38 4. Die Einholung einer Vorabentscheidung des Europäischen Gerichtshofs ist zur Entscheidung über die Revision des Klägers erforderlich. Auf sie kann nicht deshalb verzichtet werden, weil die Revision des Klägers schon aus einem anderen Grunde Erfolg haben müsste.

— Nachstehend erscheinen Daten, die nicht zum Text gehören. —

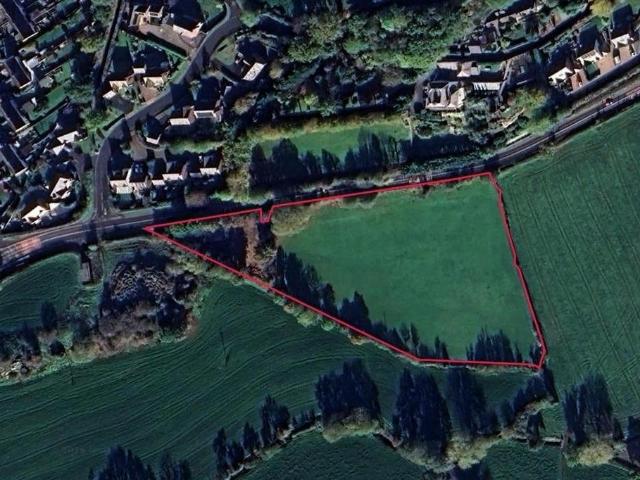 Land for rent in Trewern, Wales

39 a) Der Kläger meint, dass die Bezeichnungen „Consulat des Weins - (Grande) Réserve“ schon deshalb nicht unzulässig sein könnten, weil sie vom Europäischen Markenamt als geschützte Marken eingetragen wurden. Dem ist das Berufungsgericht zu Recht nicht gefolgt. Gemäß Art. 24 Abs. 3 der Verordnung (EG) Nr. 753/2002 dürfen Marken, die die in Anhang III aufgeführten traditionellen Begriffe enthalten, zur Bezeichnung eines Weins in der Etikettierung nur verwendet werden, wenn der Wein diesen traditionellen Begriff führen darf. Der Markenschutz verleiht also kein über Art. 24 Abs. 2 der Verordnung hinausreichendes Bezeichnungsrecht. Dahingehende Zweifel, die nach dem vorherigen Recht bestanden (vgl. BGH, Urteil vom 20. Oktober 1999 - I ZR 86/97, Lorch Premium - GRUR 2000, 727 = ZLR 2000, 591; EuGH, Urteil vom 24. Oktober 2002 - Rs. C-81/01, Borie Manoux - Slg. I-9259, 9281), sind damit ausgeräumt worden. Anderes gilt gemäß Art. 24 Abs. 3 UAbs. 2 der Verordnung nur für Marken, die vor ihrer Veröffentlichung rechtmäßig in gutem Glauben in der Gemeinschaft eingetragen wurden und die seit der Eintragung tatsächlich rechtmäßig in gutem Glauben verwendet wurden. Nach den Feststellungen des Berufungsgerichts liegen diese Voraussetzungen nicht vor. Hiergegen bringt die Revision durchgreifende Verfahrensrügen nicht vor.
40 b) Aus prozessrechtlichen Gründen ist es dem Senat nicht möglich, über die Revision des Klägers auf der Grundlage des anderen von der Behörde angeführten Untersagungsgrundes zu entscheiden.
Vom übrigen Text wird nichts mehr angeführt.